我正在使用带有cassandra的spark,而且我有JavaRDD<String>
个客户。对于每个客户,我想从cassandra中选择这样的交互:
avaPairRDD<String, List<InteractionByMonthAndCustomer>> a = client.mapToPair(new PairFunction<String, String, List<InteractionByMonthAndCustomer>>() {
@Override
public Tuple2<String, List<InteractionByMonthAndCustomer>> call(String s) throws Exception {
List<InteractionByMonthAndCustomer> b = javaFunctions(sc)
.cassandraTable(CASSANDRA_SCHEMA, "interaction_by_month_customer")
.where("ctid =?", s)
.map(new Function<CassandraRow, InteractionByMonthAndCustomer>() {
@Override
public InteractionByMonthAndCustomer call(CassandraRow cassandraRow) throws Exception {
return new InteractionByMonthAndCustomer(cassandraRow.getString("channel"),
cassandraRow.getString("motif"),
cassandraRow.getDate("start"),
cassandraRow.getDate("end"),
cassandraRow.getString("ctid"),
cassandraRow.getString("month")
);
}
}).collect();
return new Tuple2<String, List<InteractionByMonthAndCustomer>>(s, b);
}
});
为此,我使用了一个JavaSparkContext sc
。但我得到了这个错误:
Exception in thread "main" org.apache.spark.SparkException: Task not serializable
at org.apache.spark.util.ClosureCleaner$.ensureSerializable(ClosureCleaner.scala:166)

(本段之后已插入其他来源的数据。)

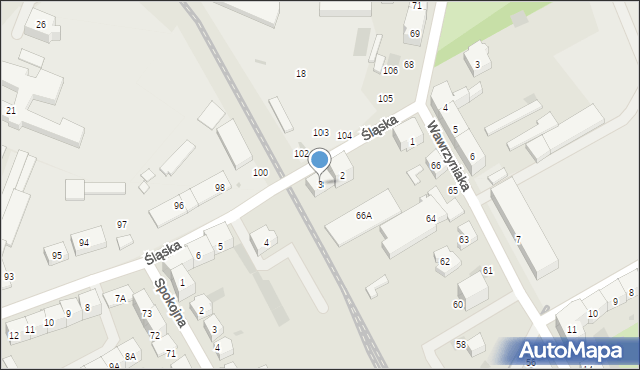 Gorzów Wielkopolski, Śląska, 3, mapa Gorzów Wielkopolski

at org.apache.spark.util.ClosureCleaner$.clean(ClosureCleaner.scala:158)
at org.apache.spark.SparkContext.clean(SparkContext.scala:1242)

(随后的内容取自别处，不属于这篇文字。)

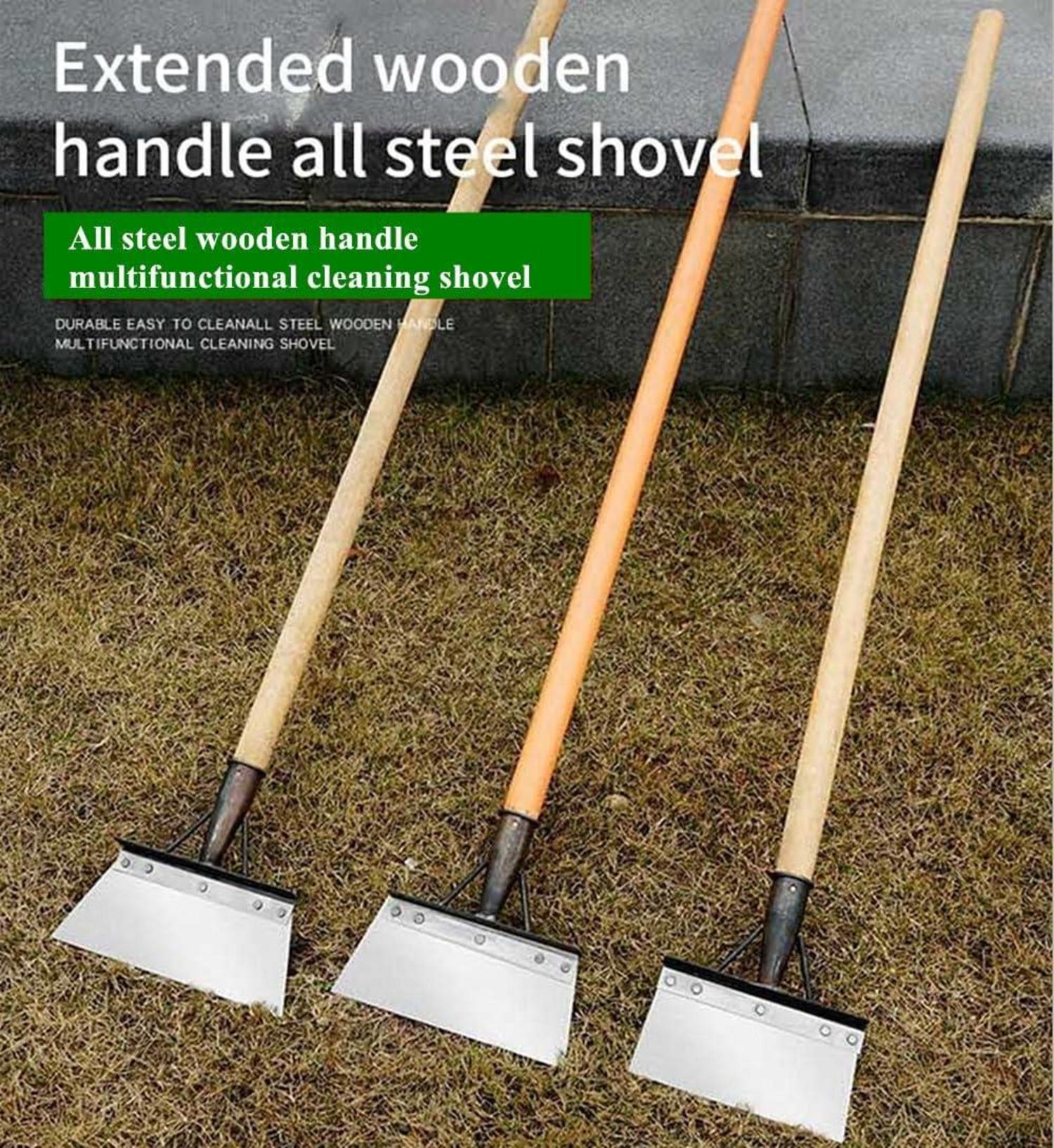 Multifunktionale Gartenschaufel Eis Schnee Stahl Unkrautwerkzeug 28cm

at org.apache.spark.rdd.RDD.map(RDD.scala:270)
at org.apache.spark.api.java.JavaRDDLike$class.mapToPair(JavaRDDLike.scala:99)

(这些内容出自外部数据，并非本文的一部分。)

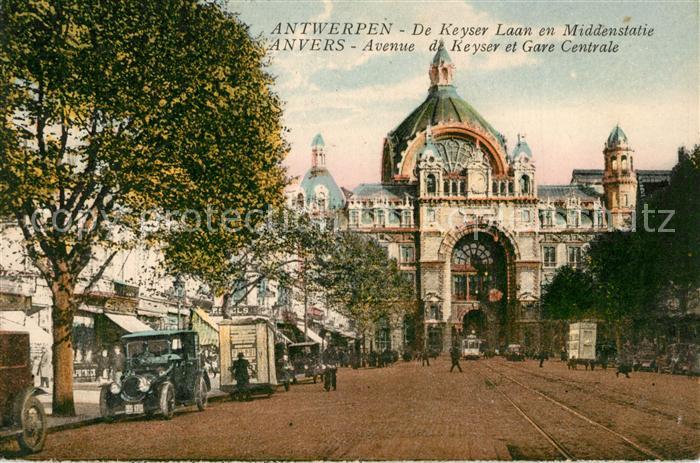 Anvers Antwerpen Avenue de Keyser et Gare Centrale Bahnhof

at org.apache.spark.api.java.JavaRDD.mapToPair(JavaRDD.scala:32)
at fr.aid.cim.spark.dao.GenrateCustumorJourney.AllCleintInteractions(GenrateCustumorJourney.java:91)
at fr.aid.cim.spark.dao.GenrateCustumorJourney.main(GenrateCustumorJourney.java:75)
at sun.reflect.NativeMethodAccessorImpl.invoke0(Native Method)
at sun.reflect.NativeMethodAccessorImpl.invoke(NativeMethodAccessorImpl.java:62)
at sun.reflect.DelegatingMethodAccessorImpl.invoke(DelegatingMethodAccessorImpl.java:43)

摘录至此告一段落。